When faced with potential stress, how do you cope? Do you batten down the hatches and gather your resources to ride out a coming storm in safety? Or do you see at a challenge with a potential for reward and growth and go on deck to face the storm head on? Do you resist the stress or do you exploit it, or perhaps you do a little of both?

When discussing such things, modern researchers talk about three types of coping: reactive, proactive and preventive.

  • Reactive involves dealing with stressors that have happened or are happening. On the way to work you spill coffee on yourself and get flat tire all before you get stuck in the traffic tie-up that makes you even later for that important meeting that you’re already late for.
  • Preventive is seeing a stressor approaching, then planning and doing things to lessen the impact of it. You have to give someone bad news, so you figure out how soften the blow to reduce the unpleasant reaction.
  • Proactive is seeing a stressor approaching, then figuring out ways to make the best of it and to turn it into an opportunity. You have to give someone bad news, so you discover all the alternatives you can to help them find a way through it.

Reactive deals with past and present stressors. Preventive and proactive anticipate future stressors and suggest activity in preparation.

A recent study decided to find out if particular personality traits leaned more toward preventive or proactive coping as a style among college students. They determined that those with high Conscientiousness (likely to have a strong Judging trait in our model) and Openness to Experience (our Intuitive types) were more likely to use both styles. Those with high Extraversion and Neuroticism (one of the aspects of our Turbulent type variant) were “only predictive of proactive coping”. In other words, these personality types are more likely to employ proactive coping.

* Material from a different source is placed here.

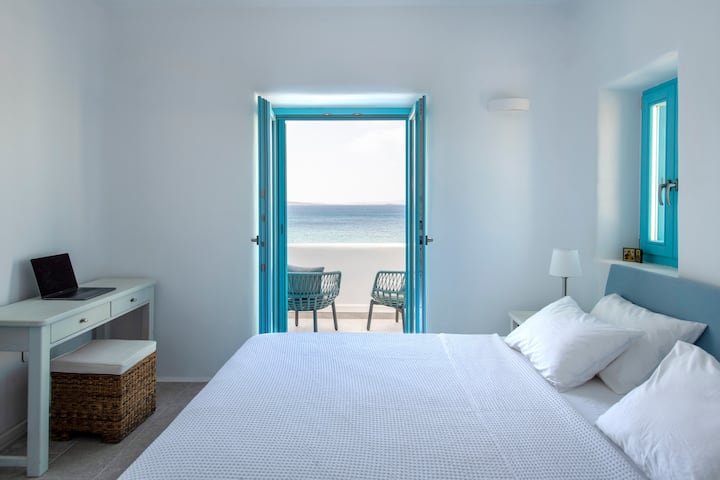 Dormitorio principal con balcón privado y vistas impresionantes a la piscina y al mar.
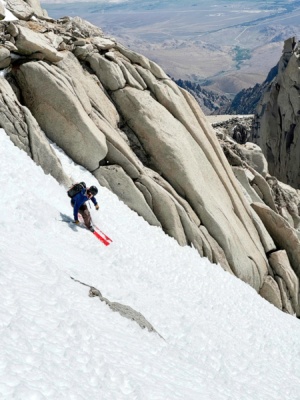 Andrew bombs down the slope, looking like an absolute badass ski tour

What does this tell us, if anything? There is nothing startling here, but there is plenty of fodder for conversation. We assume this generalizes beyond college students to the larger population. The balance between the two styles seems prudent. One speaks to readiness while the other speaks to taking charge and doing something positive. Relying more on just one style, regardless how virtuous the style may be, seems a bit limiting. There have also been some suggestions the proactive style is linked to optimism and, therefore, well-being. Then what about the Turbulent types relying on proactivity more? There is obviously still much to be explored.